Two experiments were conducted to evaluate whether hCG administered 7 d before initiating the CO-Synch + controlled internal drug release (CIDR) ovulation synchronization protocol (Exp. 1 and 2), or replacing GnRH with hCG at the time of AI (Exp. 1), would improve fertility to a fixed-time AI (TAI) in suckled beef cows. In addition, the effects of hCG on follicle dynamics, corpus luteum development, and concentrations of progesterone (P4) were evaluated. In Exp. 1, cows were stratified by days postpartum, age, and parity and assigned randomly to a 2 × 2 factorial arrangement of 4 treatments: 1) cows received 100 µg of GnRH at CIDR insertion (d -7) and 25 mg of PGF(2α) at CIDR removal (d 0), followed in 64 to 68 h by a TAI plus a second injection of GnRH at TAI (CG; n = 29); 2) same as CG but the second injection of GnRH at the time of insemination was replaced by hCG (CH; n = 28); 3) same as CG, but cows received hCG 7 d (d -14) before CIDR insertion (HG; n = 28); and 4) same as HG, but cows received hCG 7 d (d -14) before CIDR insertion (HH; n = 29). Pregnancy rates were 52, 41, 59, and 38% for GG, GH, HG, and HH, respectively. Cows receiving hCG (39%) in place of GnRH at TAI tended (P = 0.06) to have poorer pregnancy rates than those receiving GnRH (56%). Pre-CO-Synch hCG treatment increased (P < 0.05) the percentage of cows with concentrations of P4 >1 ng/mL at d -7, increased (P < 0.02) concentration of P4 on d -7, and decreased (P < 0.001) the size of the dominant follicle on d 0 and 3, compared with cows not treated with hCG on d -14. In Exp. 2, cows were stratified based on days postpartum, BCS, breed type, and calf sex and then assigned to the CG (n = 102) or HG (n = 103) treatments. Overall pregnancy rates were 51%, but no differences in pregnancy rates were detected between treatments. Pre-CO-Synch hCG treatment increased (P < 0.05) the percentage of cows cycling on d -7 and increased (P < 0.05) concentrations of P4 on d -7 compared with pre-CO-Synch controls. Therefore, pretreatment induction of ovulation after hCG injection 7 d before initiation of CO-Synch + CIDR protocol failed to enhance pregnancy rates, but replacing GnRH with hCG at the time of AI may reduce pregnancy rates.

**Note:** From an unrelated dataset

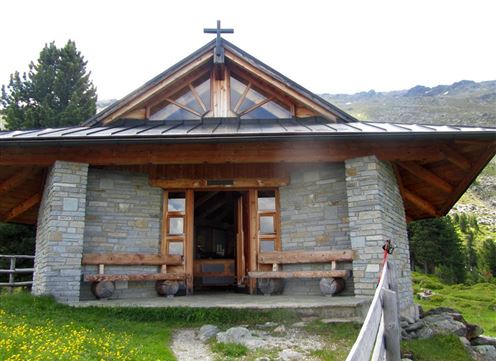 Eine kleine Kapelle aus Stein mit einem Kreuz auf dem Dach. Sie steht inmitten von grünen Wiesen und Bergen.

进行了两项实验,以评估在开始 CO-Synch + 控制内部药物释放 (CIDR) 排卵同步方案前 7 天给予 hCG(实验 1 和 2),或在 AI 时用 hCG 替代 GnRH(实验 1)是否会提高哺乳期肉牛的定时 AI(TAI)受孕率。此外,还评估了 hCG 对卵泡动态、黄体发育和孕酮(P4)浓度的影响。在实验 1 中,根据产后天数、年龄和胎次对牛进行分层,并随机分配到 4 种处理的 2×2 因子排列:1)CIDR 插入时(d-7)给予 100 µg GnRH 和 CIDR 去除时(d 0)给予 25 mg PGF2α,然后在 64 至 68 小时内进行 TAI 加 TAI 时的第二次 GnRH 注射(CG;n=29);2)与 CG 相同,但在 AI 时用 hCG 替代第二次 GnRH 注射(CH;n=28);3)与 CG 相同,但在 CIDR 插入前 7 天(d-14)给予 hCG(HG;n=28);4)与 HG 相同,但在 CIDR 插入前 7 天(d-14)给予 hCG(HH;n=29)。GG、GH、HG 和 HH 的妊娠率分别为 52%、41%、59%和 38%。在 TAI 时用 hCG(39%)代替 GnRH 的牛的妊娠率(P=0.06)倾向于低于接受 GnRH(56%)的牛。预 CO-Synch hCG 处理增加(P<0.05)了 d-7 时 P4 浓度>1ng/mL 的牛的比例,增加(P<0.02)了 d-7 时 P4 的浓度,并降低(P<0.001)了 d-0 和 3 时的主导卵泡大小与 d-14 时未接受 hCG 处理的牛相比。在实验 2 中,根据产后天数、BCS、品种类型和犊牛性别对牛进行分层,然后分配到 CG(n=102)或 HG(n=103)处理。总妊娠率为 51%,但处理之间未检测到妊娠率差异。预 CO-Synch hCG 处理增加(P<0.05)了 d-7 时发情的牛的比例,并增加(P<0.05)了 d-7 时 P4 的浓度与预 CO-Synch 对照组相比。因此,在开始 CO-Synch + CIDR 方案前 7 天给予 hCG 注射以诱导排卵预处理未能提高妊娠率,但在 AI 时用 hCG 替代 GnRH 可能会降低妊娠率。